7. Tag & Share The Shit Out Of EVERYTHING
This is the EASIEST, and CHEAPEST form of online marketing, and yet, this is also the most COMMON area that I see other photographers LACKING in!! I know that the whole algorithm thing freaks a lot of people out and can feel super defeating, which is why I choose to focus my “online strategy” more on relationships and connections versus ideal posting times and hashtags. Personally, I am SO lazy when it comes to hashtags and I rarely use them. I DO believe that they add value and can definitely get your work out there to the digital world, but what I choose to focus most of my energy on is tagging and sharing on social media. Tagging and sharing allows us to push our work out there to the people who are more likely to actually give a shit about it, and who are more likely to become our next client. I will tell you, I have never booked a client who said “I searched #weddingphotographer and saw your post, I’d like to hire you!” No, it’s definitely more along the lines of “Hey, I saw that you photographed my best friend’s cousin’s wedding and I’d like to hire you!” Sure, you can certainly be more intentional and specific with hashtags, but personally, I’ve found that reaching people organically through tags and sharing of people they actually know is MUCH more effective, real and genuine. Facebook knows the people and posts that we care about, so no matter what time I post a wedding preview and tag the bride and groom & wedding party, my post is going to show up on the newsfeed of people who interact with and care about posts related to the people tagged, no matter what. BOOM! There’s my never-before shared algorithm hack!!
The second half of this point is that ALL and ANY type of wedding vendor works super hard on each wedding, and sometimes their work isn’t always showcased after the wedding day is done. Wedding photographers/videographers are the ONLY vendor who’s work is seen and appreciated AFTER the wedding day is done.
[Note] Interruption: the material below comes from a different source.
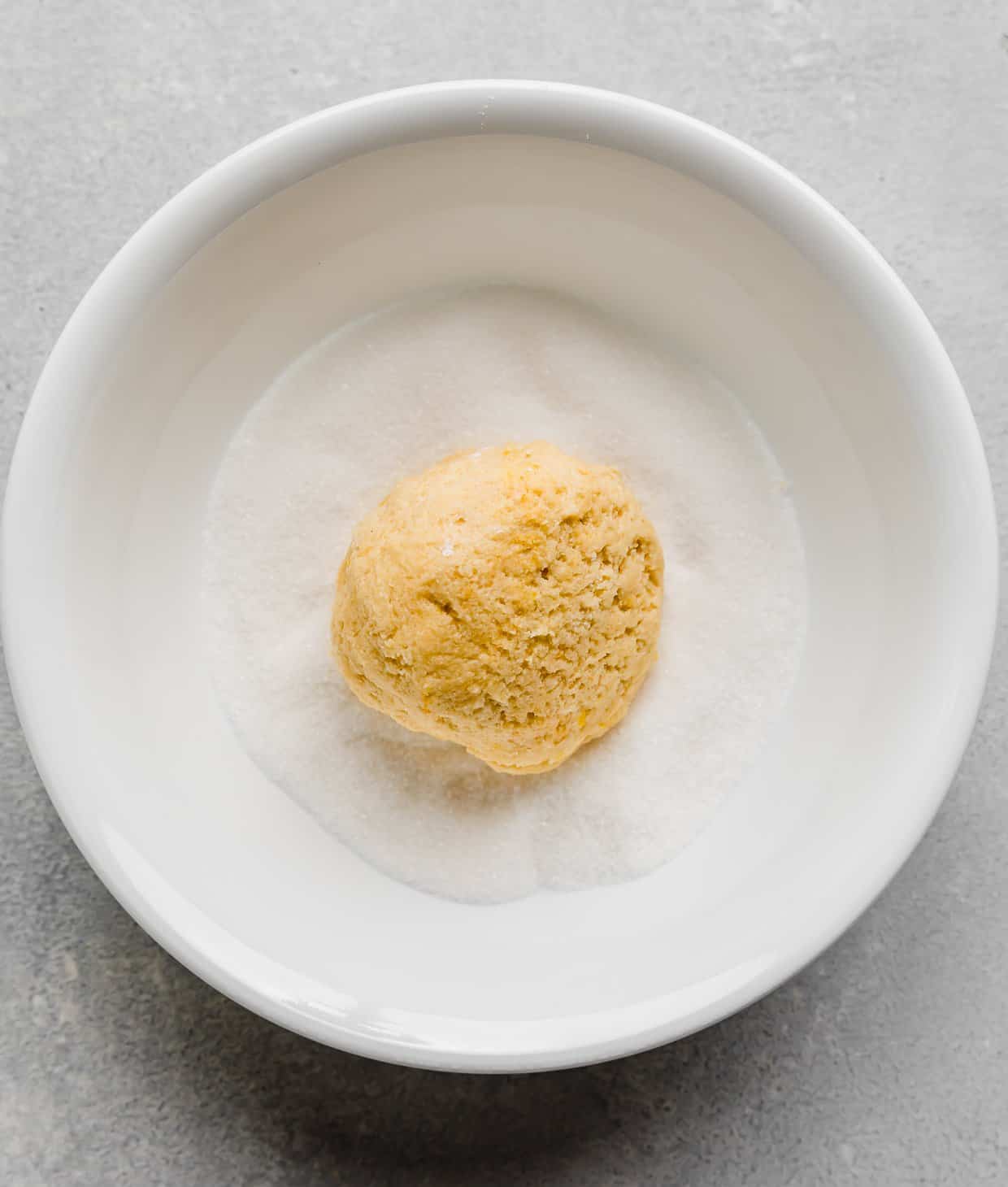 Lemon Crinkles cookie dough in a white bowl filled with granulated sugar.
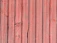 Vertical wooden planks with a reddish hue, displaying natural textures and grain patterns. Some planks have visible knots and imperfections, adding to the rustic appearance.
When you tag vendors, you’re putting their work in front of your online audience and they will likely share your post, which in turn, gets YOUR work in front of THEIR online audience. It’s a “you scratch my back, i’ll scratch yours” sort of thing, which benefits everyone. Getting seen digitally is what we all want, right? So instead of chasing hashtags and setting auto-posts for the ideal “8:30pm Sunday night” posting time, focus on the actual, real-life people behind the facebook accounts.
Wow! That was a lot, but I hope that some of these ideas resonate with you, and that you start to implement some of these mindset shifts into your own business. I promise, they are all worth the work and they definitely pay off. These ideas are ones that I believe in whole-heartedly and I’m thrilled to have been able to share them with you!